The American Crow

The American Crow, also known as Corvus Brachyrhynchos, belongs to the family of Corvidae, and is a native species found throughout North America. It is present from Alaska, down to British-Columbia, all the way east to Newfoundland ranging as far south as Florida (A.O.U., 1998). These birds migrate during the winter months to the more southern parts of Canada and the United-States (A.O.U., 1998).

The American Crow prefers to inhabit open forests and woodlands in order to nest and roost.

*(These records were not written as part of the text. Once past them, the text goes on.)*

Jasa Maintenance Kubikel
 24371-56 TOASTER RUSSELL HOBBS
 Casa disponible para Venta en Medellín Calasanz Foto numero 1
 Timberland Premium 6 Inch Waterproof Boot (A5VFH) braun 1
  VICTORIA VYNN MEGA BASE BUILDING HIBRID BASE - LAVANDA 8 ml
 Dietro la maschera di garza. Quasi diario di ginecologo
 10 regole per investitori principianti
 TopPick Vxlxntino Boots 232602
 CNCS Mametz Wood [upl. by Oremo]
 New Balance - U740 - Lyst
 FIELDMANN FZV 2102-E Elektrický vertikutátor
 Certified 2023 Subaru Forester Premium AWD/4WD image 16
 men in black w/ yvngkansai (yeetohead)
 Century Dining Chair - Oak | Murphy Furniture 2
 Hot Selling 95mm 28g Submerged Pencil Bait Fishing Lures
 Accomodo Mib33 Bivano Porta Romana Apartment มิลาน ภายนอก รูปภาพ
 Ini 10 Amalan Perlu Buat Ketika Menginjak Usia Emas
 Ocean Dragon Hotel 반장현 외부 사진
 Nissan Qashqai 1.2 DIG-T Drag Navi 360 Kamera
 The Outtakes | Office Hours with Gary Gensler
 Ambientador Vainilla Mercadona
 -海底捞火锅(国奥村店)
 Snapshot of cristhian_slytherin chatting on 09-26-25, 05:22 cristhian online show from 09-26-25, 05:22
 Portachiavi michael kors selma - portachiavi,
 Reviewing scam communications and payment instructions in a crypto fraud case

Since they are typically ground feeders, they require open spaces, such as fields or crops (Gade, 2010). They also have the ability to nest in urban and suburban areas due to the easy accessibility to food sources (A.O.U., 1998). Being Omnivores, their diet is comprised of seeds (from wild and domestic plants), insects, amphibians, eggs, small rodents, and garbage (Gade, 2010).  On average the American Crow is 43-53 centimeters long and weighs 400 grams with black feathers that have a violet sheen (Gade, 2010). The American Crow is known for its intelligence for instance, Caffrey (2000) demonstrated that the American Crows could modify tools to their advantage (Caffrey, 2000). This study exemplified a crow physically transforming a piece of wood into a probe to seemingly disturb a spider web (Caffrey, 2000).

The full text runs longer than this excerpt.